Surely, this will limit the sales of the sportiest version of the new Civic (till the Type R arrives) but it also means that every time you see another Si on the road you just know that the person behind the wheel is just like you and truly enjoys driving.
The new Civic Si is a lighthouse of hope, drawing enthusiasts to the promised land of traffic-free serpentine roads. It’s not going to blow you away with performance or impress your friends with kidney-bruising acceleration. This car is all about how it makes you feel, and with just 1.5 litres of engine pushing “just” 200 hp and 192 lb-ft of twist to the front wheels, it might seem that on paper this is anything but an enthusiast product. Honda, however, is legendary at working its magic and giving you something from seemingly nothing.
After about two weeks of driving the new Si, I came to a simple and honest conclusion. It was one of the best cars I had driven all year, at any price point. Period.

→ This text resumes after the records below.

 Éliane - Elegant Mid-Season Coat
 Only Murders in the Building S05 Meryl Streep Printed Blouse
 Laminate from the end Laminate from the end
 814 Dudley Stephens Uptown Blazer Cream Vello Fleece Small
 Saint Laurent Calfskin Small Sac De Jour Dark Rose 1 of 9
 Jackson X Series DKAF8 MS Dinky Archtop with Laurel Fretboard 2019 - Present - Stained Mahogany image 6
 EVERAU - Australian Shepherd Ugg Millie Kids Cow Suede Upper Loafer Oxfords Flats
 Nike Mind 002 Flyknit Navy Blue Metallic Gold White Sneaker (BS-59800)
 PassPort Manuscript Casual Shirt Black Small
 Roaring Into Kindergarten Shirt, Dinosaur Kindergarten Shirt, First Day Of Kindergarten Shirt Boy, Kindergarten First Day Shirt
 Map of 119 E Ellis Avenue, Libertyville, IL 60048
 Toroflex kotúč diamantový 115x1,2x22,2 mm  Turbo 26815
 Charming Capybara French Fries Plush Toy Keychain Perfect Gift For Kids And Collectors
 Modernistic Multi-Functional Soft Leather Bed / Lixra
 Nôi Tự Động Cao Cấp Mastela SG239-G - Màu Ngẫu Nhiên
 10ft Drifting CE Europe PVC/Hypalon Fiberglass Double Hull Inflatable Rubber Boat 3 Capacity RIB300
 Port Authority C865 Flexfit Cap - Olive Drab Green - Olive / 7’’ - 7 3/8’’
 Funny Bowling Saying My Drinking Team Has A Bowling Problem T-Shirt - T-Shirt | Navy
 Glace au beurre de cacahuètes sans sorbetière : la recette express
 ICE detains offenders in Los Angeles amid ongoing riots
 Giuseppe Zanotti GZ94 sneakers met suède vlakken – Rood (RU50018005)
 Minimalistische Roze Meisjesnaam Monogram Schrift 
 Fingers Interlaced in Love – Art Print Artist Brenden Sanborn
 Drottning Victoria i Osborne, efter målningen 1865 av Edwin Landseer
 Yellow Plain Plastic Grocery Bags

I drove the Civic Touring in the summer and I think it’s probably the best buy in the compact segment. Even the CVT felt good. Honda cleaned up the styling making it more Accord-like but where some see boring, I see 90s Honda. Civics were once simple things and styled with a restrained hand. Form following function and so on, and somewhere along the way it lost a bit of that. The last gen’s mish-mash of origami and odd shapes felt over-styled. This time it’s still clearly a Civic but a classier version than what you’re used to, and that’s no bad thing.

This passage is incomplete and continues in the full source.